En total unas cuatro horas. Pero ¿desde cuándo comenzar a contar? No tenía ni idea, desde luego. Evidentemente, desde algún momento comprendido entre treinta minutos y, pongamos, cuatro horas. En resumen, me sobraba tiempo o no me alcanzaba.
Salí del cuarto de baño y miré por la ventana. Ya no llovía y la noche había caído.

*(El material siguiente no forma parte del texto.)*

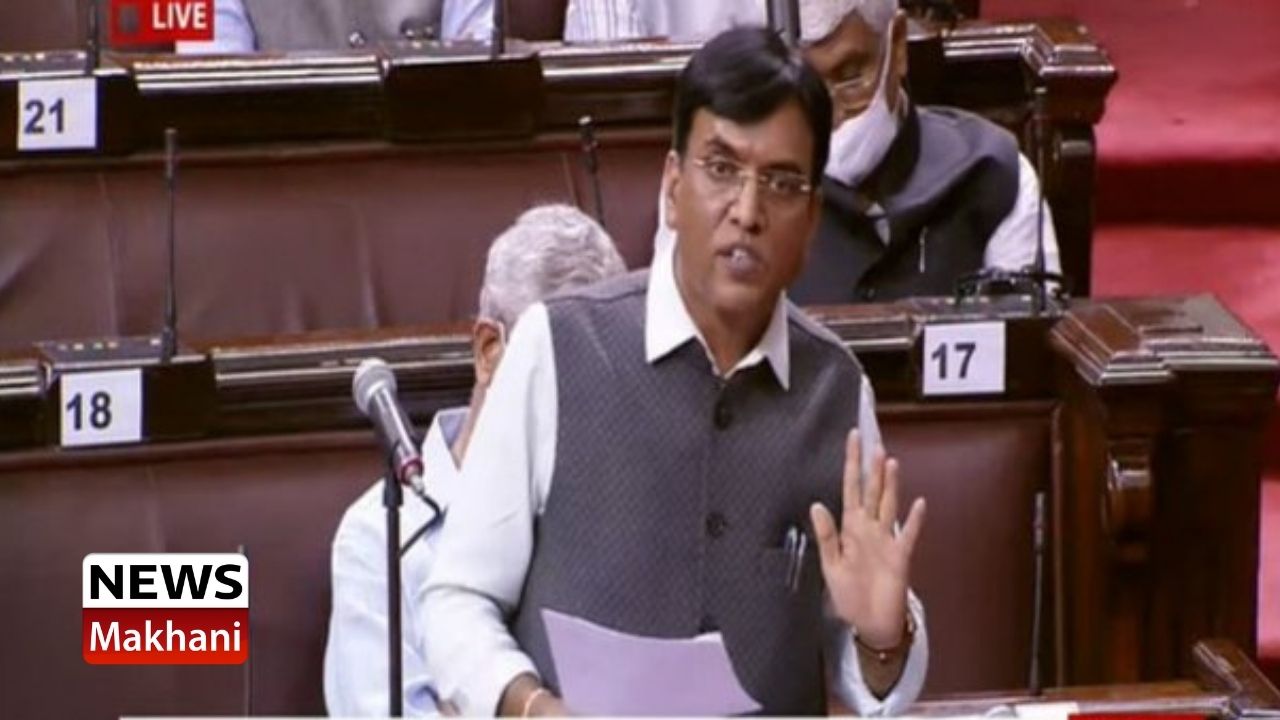 Untitled design - 2021-07-21T163437.668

A lo largo del muro estaban las luces encendidas. Las rodeaba un halo de niebla. Más allá, oscuridad total. No se veían faros a lo lejos. Bajé y me encontré con Beck en el vestíbulo. Seguía manipulando el Nokia para hacerlo funcionar.

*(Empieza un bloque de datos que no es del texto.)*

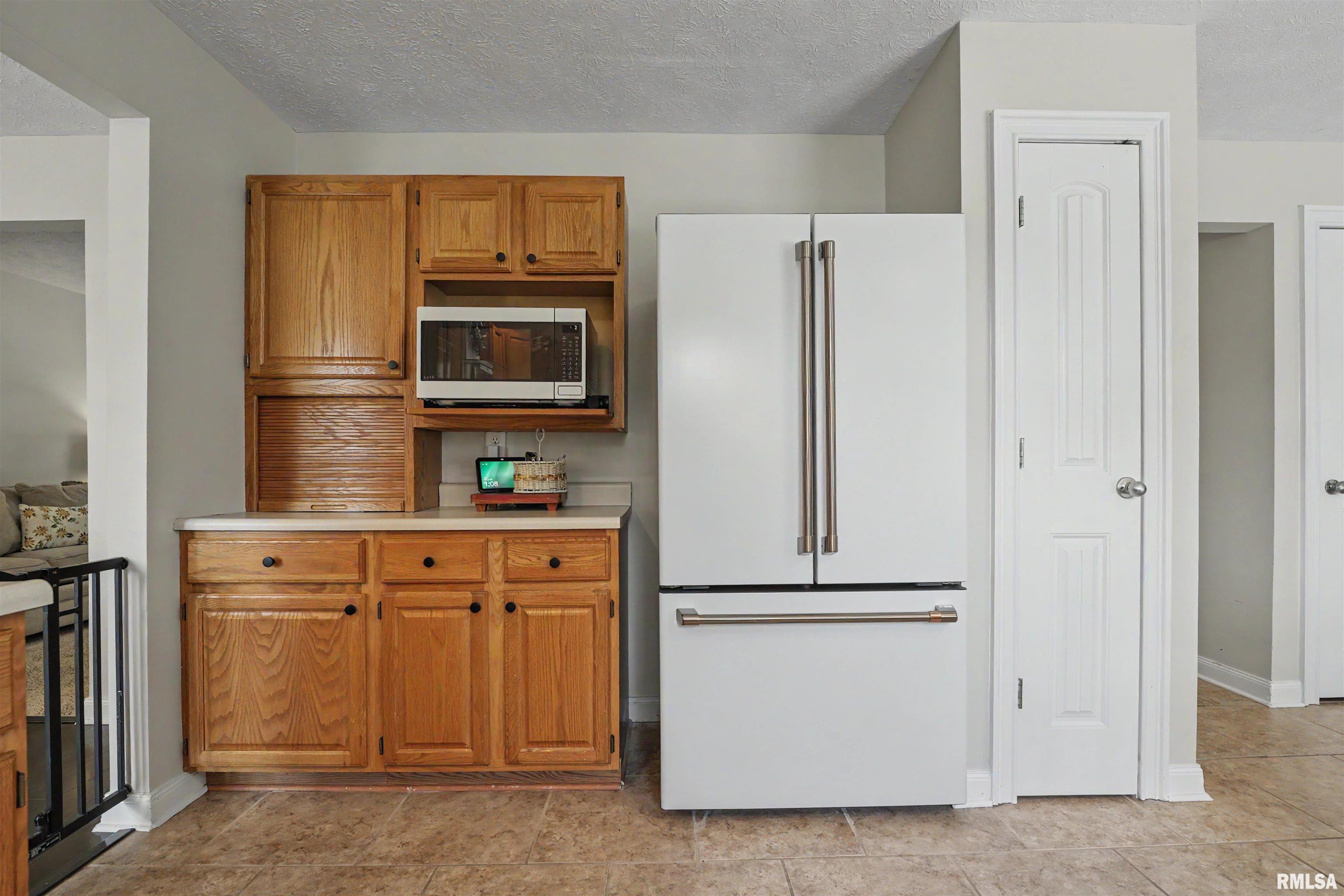 416 South Maple Avenue Minier, IL 61759 - Photo 16 of 45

– Voy a salir -dije-. Echaré un vistazo por la carretera.
– ¿Por qué?
– No me gusta esto de los teléfonos. Probablemente no es nada, aunque podría responder a algo.
– ¿Algo como qué?
– No lo sé. Quizás está viniendo alguien. Sólo saldrá de ésta si me dice cuánta gente quiere fastidiarle.
– Tenemos el muro.
– ¿Alguna embarcación?
– No -contestó-. ¿Por qué?
– Si llegan hasta la verja, va a necesitar un bote. Podrían quedarse allí y obligarle a rendirse por hambre.
Se quedó callado.
– Cogeré el Saab -dije.
– ¿Por qué?
«Porque es más ligero que el Cadillac», pensé.
– Prefiero dejarle el Cadillac a usted -repuse-. Es más grande.
– ¿Qué va a hacer?
– Lo que haga falta -contesté-. Ahora soy su jefe de seguridad. Tal vez no está pasando nada, pero en caso contrario, me ocuparé de ello por usted.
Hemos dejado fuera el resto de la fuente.